The On Going Saga Of Foreclosures On Auto Pilot.
The on-going saga in the foreclosure “robo-signing” fiasco questions whether thousands of homeowners wrongfully foreclosed and evicted will be able to sue lenders.
While the media has focused attention on the improper practices of mortgage servicers the real question is what lenders will do to rectify past wrongs and how homeowners can protect themselves hereafter.
There’s no question now that many mortgage lenders have improperly submitted documents used to force the sales of homes across the country. In some cases many homes were foreclosed even though homeowners were in the process of working through a home loan modification.
Bank officials, relying on their mortgage servicers, signed off on the massive foreclosure paperwork without doing any reviews. This is now a practice known as “robo-signing.”
To get a judicial foreclosure the lender must submit proof of ownership and default on the mortgage. This proof typically consists of copies of various documents and a written statement under oath (affidavit) that the documents are true and accurate. To make such a statement, the individual signing the affidavit must not only review the documents but also have some personal basis for believing them to be true. Not just anyone can sign. Thus, this is where the problems begin.

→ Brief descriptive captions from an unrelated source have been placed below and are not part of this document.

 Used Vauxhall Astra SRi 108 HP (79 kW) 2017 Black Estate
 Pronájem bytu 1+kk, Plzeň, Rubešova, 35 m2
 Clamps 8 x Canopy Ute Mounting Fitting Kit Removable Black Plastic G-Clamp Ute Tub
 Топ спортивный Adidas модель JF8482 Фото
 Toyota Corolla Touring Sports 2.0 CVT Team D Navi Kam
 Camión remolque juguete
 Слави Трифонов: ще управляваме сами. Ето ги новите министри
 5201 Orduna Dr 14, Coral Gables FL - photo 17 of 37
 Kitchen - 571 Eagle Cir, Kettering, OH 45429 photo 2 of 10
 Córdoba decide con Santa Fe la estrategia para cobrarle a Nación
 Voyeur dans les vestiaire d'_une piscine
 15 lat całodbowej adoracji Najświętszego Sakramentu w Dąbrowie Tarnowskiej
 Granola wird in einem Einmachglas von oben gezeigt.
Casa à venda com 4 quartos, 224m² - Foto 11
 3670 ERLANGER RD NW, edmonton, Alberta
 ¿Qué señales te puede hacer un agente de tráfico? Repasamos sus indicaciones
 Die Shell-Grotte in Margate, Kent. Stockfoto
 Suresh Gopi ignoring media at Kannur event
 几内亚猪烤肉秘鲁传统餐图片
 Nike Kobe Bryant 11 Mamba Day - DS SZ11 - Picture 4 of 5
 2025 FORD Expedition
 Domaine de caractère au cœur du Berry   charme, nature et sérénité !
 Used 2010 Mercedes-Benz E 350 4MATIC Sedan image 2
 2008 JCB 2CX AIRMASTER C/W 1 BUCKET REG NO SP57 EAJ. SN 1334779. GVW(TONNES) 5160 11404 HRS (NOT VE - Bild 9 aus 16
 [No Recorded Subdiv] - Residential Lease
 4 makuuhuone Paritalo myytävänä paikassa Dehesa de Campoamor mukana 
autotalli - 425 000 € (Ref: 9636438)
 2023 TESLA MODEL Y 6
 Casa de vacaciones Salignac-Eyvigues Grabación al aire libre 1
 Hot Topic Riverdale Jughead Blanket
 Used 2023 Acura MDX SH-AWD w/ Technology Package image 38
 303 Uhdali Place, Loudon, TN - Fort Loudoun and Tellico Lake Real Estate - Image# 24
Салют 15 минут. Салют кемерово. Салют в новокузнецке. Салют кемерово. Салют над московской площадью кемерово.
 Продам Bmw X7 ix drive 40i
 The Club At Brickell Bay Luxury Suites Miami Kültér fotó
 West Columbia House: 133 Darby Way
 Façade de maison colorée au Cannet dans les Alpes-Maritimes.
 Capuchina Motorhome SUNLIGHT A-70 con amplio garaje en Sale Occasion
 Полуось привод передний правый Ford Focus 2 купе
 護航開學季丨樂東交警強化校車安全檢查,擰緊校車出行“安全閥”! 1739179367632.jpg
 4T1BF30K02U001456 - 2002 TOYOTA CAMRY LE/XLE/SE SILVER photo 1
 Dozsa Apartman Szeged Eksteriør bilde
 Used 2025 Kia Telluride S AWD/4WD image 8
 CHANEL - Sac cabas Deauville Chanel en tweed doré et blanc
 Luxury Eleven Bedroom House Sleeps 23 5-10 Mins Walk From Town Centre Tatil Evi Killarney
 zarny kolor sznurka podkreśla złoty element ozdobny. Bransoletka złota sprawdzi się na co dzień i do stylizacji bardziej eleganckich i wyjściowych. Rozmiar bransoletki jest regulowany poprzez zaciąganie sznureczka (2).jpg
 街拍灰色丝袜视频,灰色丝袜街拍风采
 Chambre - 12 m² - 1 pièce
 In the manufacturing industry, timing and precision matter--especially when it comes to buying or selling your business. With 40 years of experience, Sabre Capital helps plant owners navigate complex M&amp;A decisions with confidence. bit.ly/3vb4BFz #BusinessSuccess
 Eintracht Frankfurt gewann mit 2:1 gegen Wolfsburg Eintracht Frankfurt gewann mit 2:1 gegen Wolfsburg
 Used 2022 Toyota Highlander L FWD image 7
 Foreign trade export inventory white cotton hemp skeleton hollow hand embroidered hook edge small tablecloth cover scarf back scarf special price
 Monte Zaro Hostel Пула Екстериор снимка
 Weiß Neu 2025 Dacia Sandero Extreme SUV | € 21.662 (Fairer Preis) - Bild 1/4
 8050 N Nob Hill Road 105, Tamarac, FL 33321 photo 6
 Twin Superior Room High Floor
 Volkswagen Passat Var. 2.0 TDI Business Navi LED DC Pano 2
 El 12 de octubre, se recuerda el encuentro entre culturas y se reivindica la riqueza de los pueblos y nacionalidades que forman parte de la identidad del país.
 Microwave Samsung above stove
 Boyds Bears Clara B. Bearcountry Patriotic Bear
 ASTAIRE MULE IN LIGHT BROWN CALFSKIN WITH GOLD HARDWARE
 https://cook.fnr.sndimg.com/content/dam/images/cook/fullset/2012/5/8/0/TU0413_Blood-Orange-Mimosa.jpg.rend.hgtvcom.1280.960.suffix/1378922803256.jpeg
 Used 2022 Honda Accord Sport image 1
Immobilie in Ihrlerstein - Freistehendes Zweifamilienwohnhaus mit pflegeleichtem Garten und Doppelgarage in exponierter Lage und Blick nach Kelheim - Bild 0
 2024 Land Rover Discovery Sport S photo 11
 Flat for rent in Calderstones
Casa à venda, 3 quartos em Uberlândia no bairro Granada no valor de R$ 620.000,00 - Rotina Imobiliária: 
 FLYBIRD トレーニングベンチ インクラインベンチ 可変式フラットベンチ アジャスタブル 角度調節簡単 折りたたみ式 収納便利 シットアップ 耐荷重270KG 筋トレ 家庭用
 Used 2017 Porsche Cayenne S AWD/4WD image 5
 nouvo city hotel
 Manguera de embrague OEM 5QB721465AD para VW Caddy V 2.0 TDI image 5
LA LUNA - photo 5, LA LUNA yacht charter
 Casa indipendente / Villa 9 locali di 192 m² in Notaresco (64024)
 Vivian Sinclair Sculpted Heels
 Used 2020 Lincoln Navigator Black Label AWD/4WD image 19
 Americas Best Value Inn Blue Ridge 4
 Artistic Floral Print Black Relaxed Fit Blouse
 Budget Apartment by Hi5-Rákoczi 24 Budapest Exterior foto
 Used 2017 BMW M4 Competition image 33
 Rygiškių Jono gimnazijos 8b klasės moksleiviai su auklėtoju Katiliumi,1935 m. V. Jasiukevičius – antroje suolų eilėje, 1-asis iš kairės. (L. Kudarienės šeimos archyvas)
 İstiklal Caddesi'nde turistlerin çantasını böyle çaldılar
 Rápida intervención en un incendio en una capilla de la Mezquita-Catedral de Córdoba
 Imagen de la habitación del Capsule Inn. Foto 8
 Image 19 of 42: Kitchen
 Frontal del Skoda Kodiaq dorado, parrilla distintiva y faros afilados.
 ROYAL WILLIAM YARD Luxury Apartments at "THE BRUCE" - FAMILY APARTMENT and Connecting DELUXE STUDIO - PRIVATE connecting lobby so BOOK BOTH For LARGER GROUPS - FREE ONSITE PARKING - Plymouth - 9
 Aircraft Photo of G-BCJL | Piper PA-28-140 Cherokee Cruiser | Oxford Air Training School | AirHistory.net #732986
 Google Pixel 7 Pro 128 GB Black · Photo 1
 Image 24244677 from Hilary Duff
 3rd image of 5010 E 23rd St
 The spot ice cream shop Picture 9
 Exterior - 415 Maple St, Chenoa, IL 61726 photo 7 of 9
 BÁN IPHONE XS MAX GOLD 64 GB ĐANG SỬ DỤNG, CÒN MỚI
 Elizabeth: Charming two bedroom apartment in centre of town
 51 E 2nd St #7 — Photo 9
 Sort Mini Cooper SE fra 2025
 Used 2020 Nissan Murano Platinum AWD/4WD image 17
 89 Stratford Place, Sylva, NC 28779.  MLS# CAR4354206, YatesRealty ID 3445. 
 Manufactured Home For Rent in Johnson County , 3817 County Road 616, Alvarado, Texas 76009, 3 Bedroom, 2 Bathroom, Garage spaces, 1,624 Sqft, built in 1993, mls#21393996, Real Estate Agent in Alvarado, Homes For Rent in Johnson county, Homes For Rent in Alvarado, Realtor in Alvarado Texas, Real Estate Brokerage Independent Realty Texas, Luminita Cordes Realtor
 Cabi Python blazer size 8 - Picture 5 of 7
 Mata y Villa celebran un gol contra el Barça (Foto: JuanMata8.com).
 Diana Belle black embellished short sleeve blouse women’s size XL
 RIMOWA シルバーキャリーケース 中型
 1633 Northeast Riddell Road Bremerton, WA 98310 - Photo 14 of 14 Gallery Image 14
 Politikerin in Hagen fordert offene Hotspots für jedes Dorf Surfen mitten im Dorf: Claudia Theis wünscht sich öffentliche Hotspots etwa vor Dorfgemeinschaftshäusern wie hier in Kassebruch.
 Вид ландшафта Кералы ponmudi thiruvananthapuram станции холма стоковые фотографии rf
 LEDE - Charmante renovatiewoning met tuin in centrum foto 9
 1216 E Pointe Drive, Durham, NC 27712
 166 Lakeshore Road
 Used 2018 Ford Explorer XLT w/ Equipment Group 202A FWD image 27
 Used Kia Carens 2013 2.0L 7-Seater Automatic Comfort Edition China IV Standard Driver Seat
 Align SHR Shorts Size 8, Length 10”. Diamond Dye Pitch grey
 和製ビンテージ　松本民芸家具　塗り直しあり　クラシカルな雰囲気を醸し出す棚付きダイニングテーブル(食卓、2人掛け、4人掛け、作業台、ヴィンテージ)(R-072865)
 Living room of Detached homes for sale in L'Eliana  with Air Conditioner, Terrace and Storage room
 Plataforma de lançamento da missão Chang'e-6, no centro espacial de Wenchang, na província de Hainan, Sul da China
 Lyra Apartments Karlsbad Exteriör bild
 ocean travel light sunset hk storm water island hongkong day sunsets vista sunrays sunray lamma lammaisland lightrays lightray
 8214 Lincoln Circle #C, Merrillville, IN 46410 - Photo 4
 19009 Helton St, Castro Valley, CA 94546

In particular, mortgage lenders have assigned the “statement under oath” task to third-party servicers who not only don’t review the documents but who have no personal knowledge of the facts; and many affidavits were signed outside of the presence of a notary public, contrary to state laws.
In light of the number of questionable documents, 50 State Attorney Generals have joined a coordinated multistate effort to inquire whether or not lenders improperly submitted legal affidavits and other documents in support of foreclosures in those states.
Recent government involvement urged a stop to foreclosures and initially mortgage lenders did halt the progress however lenders decided while they evaluate past documentation deficiencies they will continue forward with foreclosures while making sure they comply with state laws.
Where does this leave inconvenienced and vulnerable homeowners? Well, despite upcoming regulatory changes, homeowners shouldn’t expect quick results and it probably will come down to homeowners hiring lawyers.
Homeowners shouldn’t count on moving back into their home, especially if back payments are owed but there could be compensatory damages paid.
There are too many variables to address here but if you are in this situation, consult a legal expert to go over the facts.